Building a logging infrastructure
In today’s post, we hear from Alex Eftimie, Software Engineer DevOps, about the motivation behind and the process of building a logging infrastructure.
Log files, or short logs, are documents storing events generated by various applications. For instance, a load balancer will generate access logs with details about each processed request, while a web application could generate payment logs, recording every payment detail. Nevertheless, a Linux system will log system events such as authentication attempts. At GetYourGuide logs are a first class citizen, playing a key role in development but also in the way we get to know our customers better and drive our business.
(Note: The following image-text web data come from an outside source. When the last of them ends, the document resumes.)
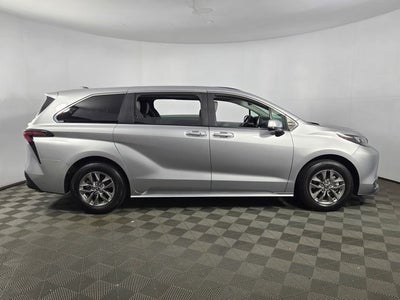 2025 Toyota Sienna LE 8 Passenger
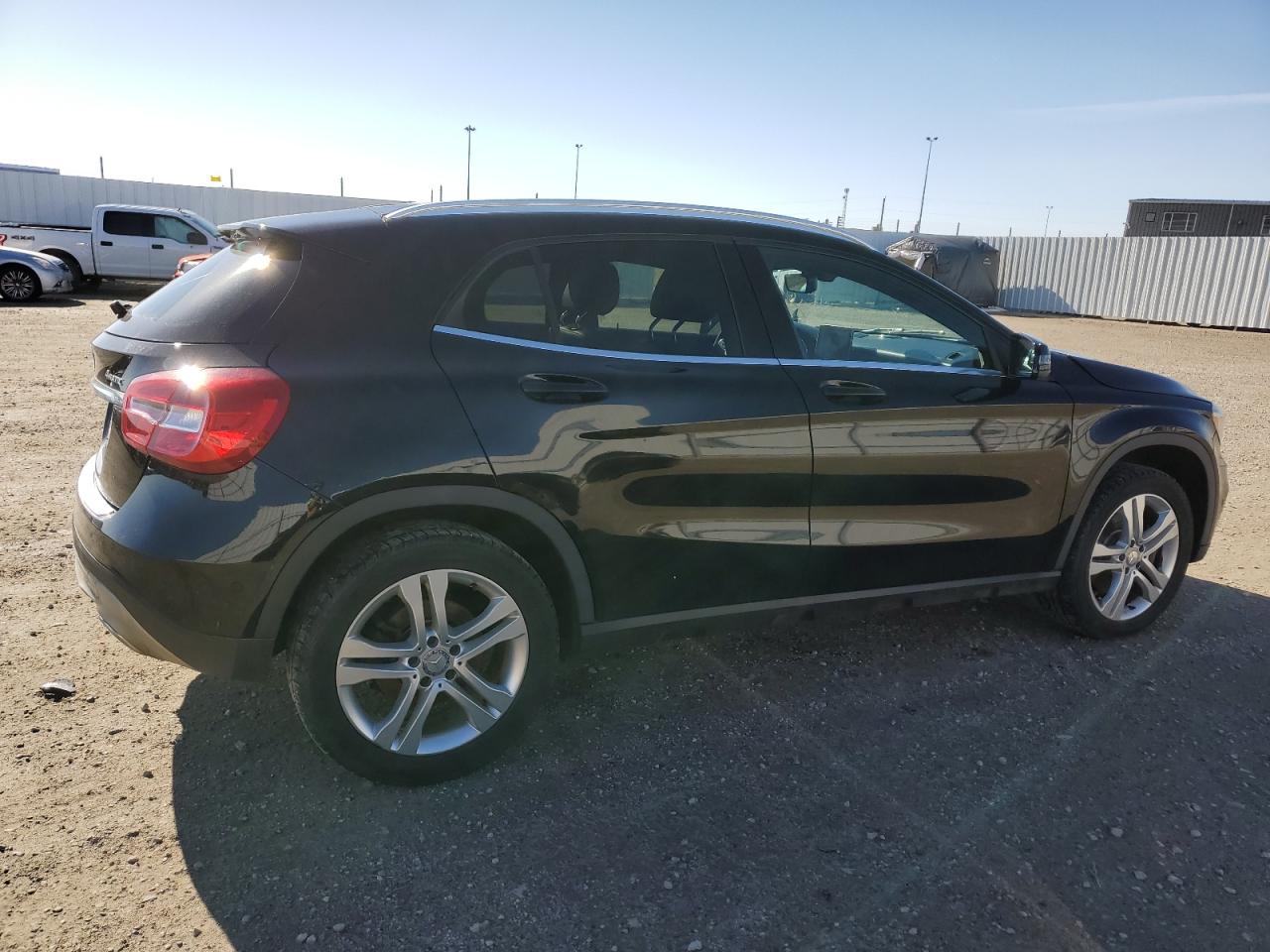 WDCTG4GB7HJ295220 2017 Mercedes-Benz Gla 250 4Matic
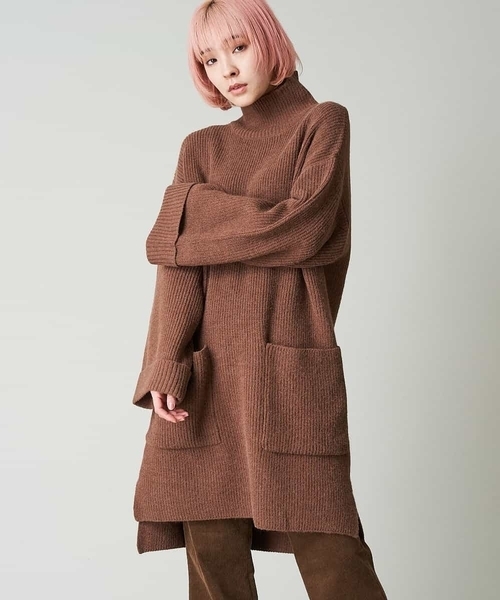 A de a.v.v（アードアー・ヴェ・ヴェ）の「マフラー付き前ポケットチュニックニット（ニット/セーター・レディース・モカ/アイボリー/ブラック・39）」の3枚目の写真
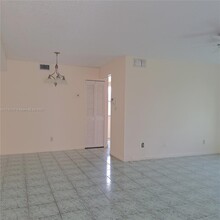 1226 SW 113th Terrace in Pembroke Pines, FL - Building Photo - Building Photo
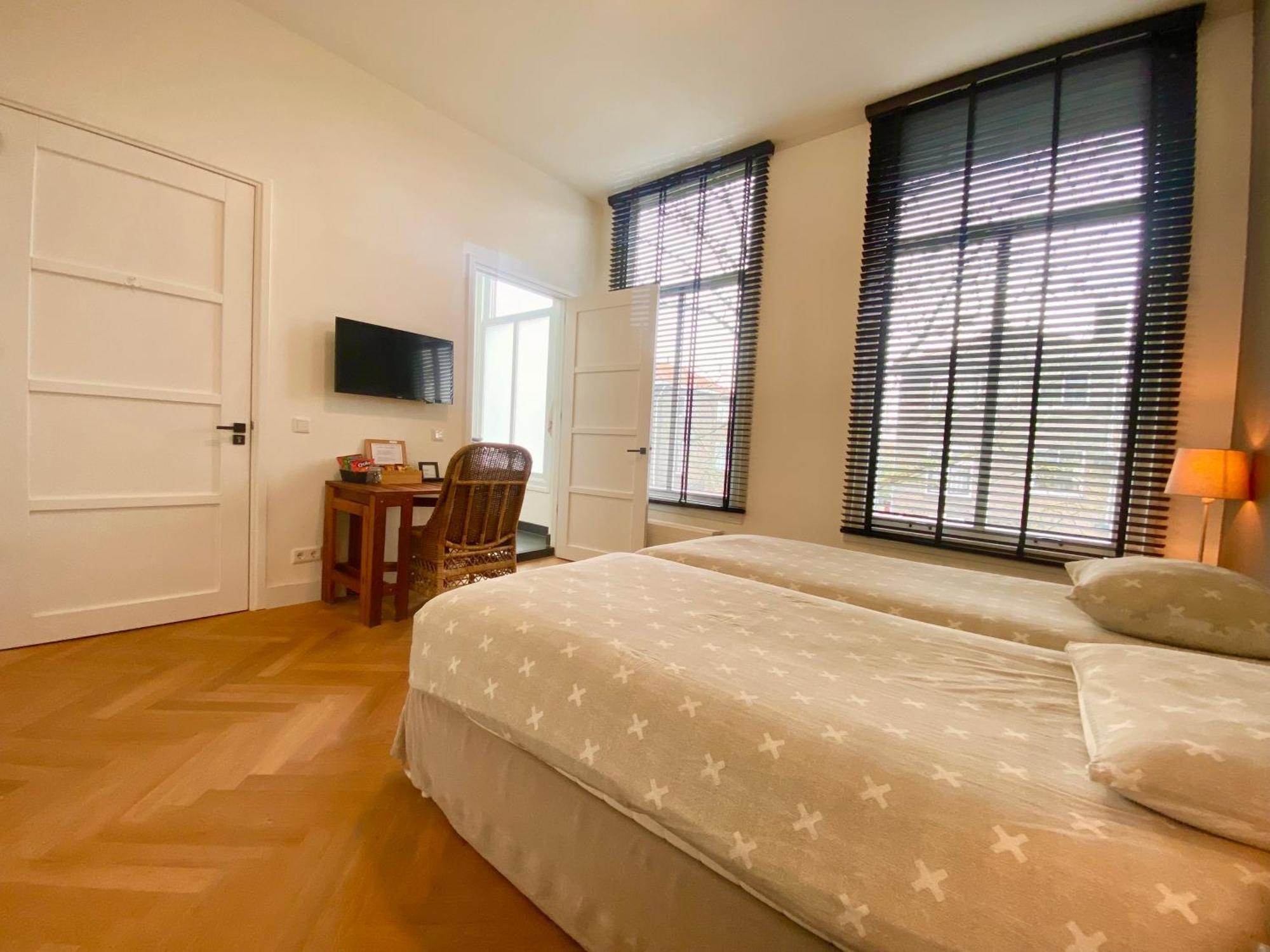 Bed and Breakfast Oranjepark Дордрехт Экстерьер фото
Developers use logs for debugging, DevOps for assessing the infrastructure’s health and security and the Data team generates meaningful reports and fuel data products. Therefore, it’s important for us to have complete logs and to trust them. Live inspection is a bonus and always comes in handy.
Prior to this project, we had a logging system in place based on quite an old version of Logstash and Redis as a temporary storage. Although it did the job, it used a lot of resources, had many single points of failure and was difficult to extend or scale. Owning the data was also a requirement, so the decision was taken to replace it with a newer, modern system.
We planned a pipeline which would have all our servers at one end and persistent storage plus live inspection at the other end. In the middle we wanted a service that could temporarily store the data and act as a buffer between the producing and consuming ends.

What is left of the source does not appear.